An online database storing information on all serious eye injuries is showing promise in its evolution to become the only registry of its kind in Canada.

Dr. David Dudok, an ophthalmology resident at University of Western Ontario (UWO) in London, Ont., said the model for the database is the United States Eye Injury Registry (USEIR). An earlier version of the Canadian database has been in use at the Ivey Eye Institute, affiliated with UWO, since March 2011. There are an estimated 100,000 significant eye injuries occurring in this country annually, and tracking may help with prevention strategies.

Inclusion criteria for reports include all injuries that could significantly affect the structure or long-term function of the eye. All reporting physicians to date have been staff or resident ophthalmologists.

In a pilot study, 88 injuries matching the inclusion criteria have been assessed. The most common places of injury were: home (34.1%), recreational facility or sports field (30.6%), street or highway (13.6%).

According to researchers, the data obtained from the registry to date have shown a trend toward less-severe injuries, in comparison with other data reported in the medical literature. They add that expanding the project to other centres will increase the strength of interventions recommended.


Teleglaucoma: improving access in northern Alberta

A remote telemedicine program designed to improve care for glaucoma patients in northern Alberta is proving useful. Patients have expedited access to specialist expertise, and participating optometrists are becoming more comfortable making referrals this way.

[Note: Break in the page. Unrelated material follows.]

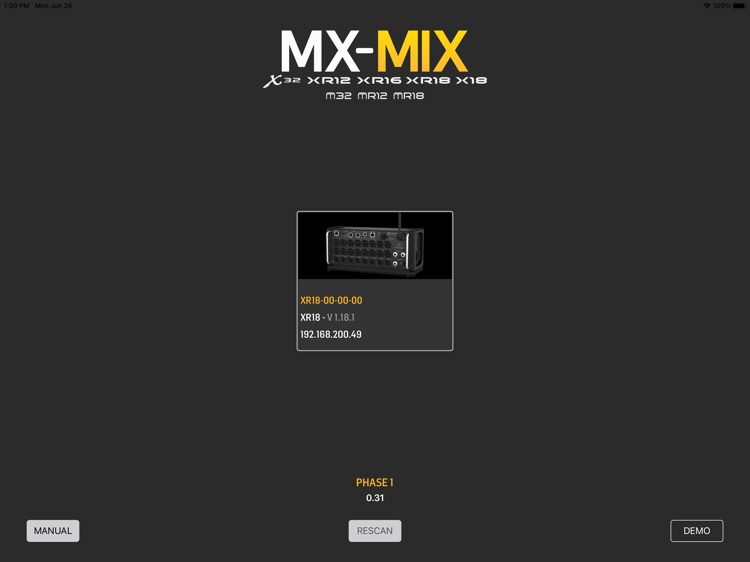 MX-Mix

The teleglaucoma program was launched in 2008 to help people living in remote and underserved areas. Developed at the University of Alberta, the program offers the services of 15 community optometrists in Alberta and one comprehensive ophthalmologist in Yellowknife. Patient details such as history and exam, details of visual field and images - such as fundus photos and OCT (optical coherence tomography) - are stored on a secure server so that specialists in other cities can review the information and advise on patient diagnosis and treatment.

Researchers reported that 195 consults have been graded through the remote model since 2008. There were 53 in 2008-09, 46 in 2009-10 and 96 in 2011 (January through November).


Printed text beats most digital in AMD

Traditional printed text trumps digital versions in most cases for quick, easy reading, patients with low vision report. But when text is enlarged, the iPad sneaks into first place.

A prospective study of 26 patients who have low vision (average age 76 years) was undertaken to assess reading speed and ease using the Apple iPad, Sony Reader and standard printed text. All participants had stable, wet age-related macular degeneration (AMD), with visual acuity of 20/25.

The study reported average reading speeds of 123.75 words per minute (WPM) with printed text, 126.53 using the iPad and 120.23 with the Sony e-reader. Reading speeds were also measured for different text sizes (16, 24, ≥ 32). With larger text sizes (24 or 32+), patients read 5.52 WPM faster on the iPad compared with 3.54 WPM faster when reading text printed on paper.

The study was conducted by researchers at the University of Western Ontario, London, Ont.